Suffolk County Executive Steve Bellone will lobby state lawmakers for relief from community college tuition payments, more day care aid for the working poor and approval to open a new gaming center.
Bellone Tuesday revealed his "state agenda" for 2013, after a year in which his office received most of its requests, including authorization to expand the red light camera program and open a local traffic violations bureau.
At the top of Suffolk's wish list for next year is one item it asked for in 2012 and did not receive: approval for Suffolk Off-Track Betting Corp. to open a video lottery terminal complex similar to the "racinos" at some state horse racing tracks. A recent OTB study estimated that 2,000 slot machine-like gaming terminals could generate $174 million a year for Suffolk County school districts and municipalities.

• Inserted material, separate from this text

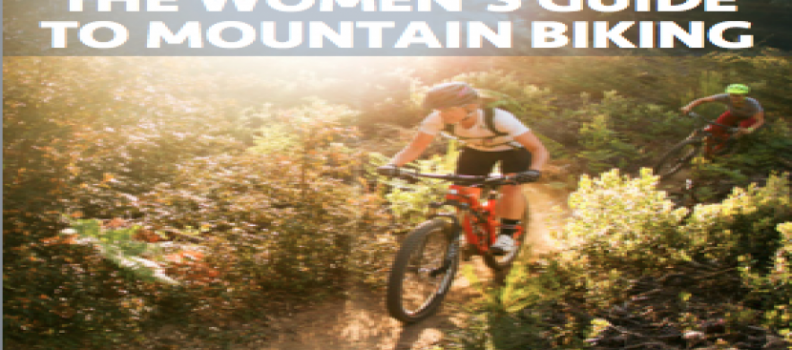 THE WOMEN’S GUIDE TO MOUNTAIN BIKING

"The fact is that gaming is occurring in the region, but the money is leaving Suffolk County," Deputy County Executive Jon Schneider said. "This keeps the money in the county."
Suffolk leaders will again decline to ask for state approval to increase the sales tax rate, after other counties' efforts failed last year, Schneider said.
"Right now the focus is on a couple of targeted items for Suffolk County that we think stand a good chance of passage," he said. "These are things we think can get done."
Also on Suffolk's state agenda are requests for:
-- Relief from the mandate that it pay the tuition difference for students who attend costlier community colleges outside of the county. Suffolk recently started passing some of that cost to towns, but still has budgeted $3 million next year to pay for its portion.
-- An adjustment to the state aid formula for county child care subsidies, which does not allow Suffolk's calculation of future needs to factor in federal stimulus money received in 2010. As a result, the county has cut in half eligibility for the working poor, from 200 percent of the federal poverty level -- $46,100 in income for a family of four -- to the federal poverty level of $23,050 for the same size family.
More than 2,000 county children lost day care this year because of the change, and officials said Suffolk will spend $3.4 million in 2012 to ensure that more aren't impacted.
-- Authority to lower property-tax assessments on properties damaged by superstorm Sandy. Two state lawmakers from Long Island -- Assemb. Robert Sweeney (D-Lindenhurst) and Sen.-elect Phil Boyle (R-Bay Shore) on Monday announced such a proposal (similar to a law passed in the wake of Tropical Storm Irene in 2011) that covers properties that sustained a loss in value of 50 percent or more.
-- Legislation to allow the county's Judicial Facilities Agency to borrow funds to buy the H. Lee Dennison Building in Hauppauge, providing the county with $70 million to close its remaining 2013 budget hole. The county then would make lease payments to cover the borrowing costs.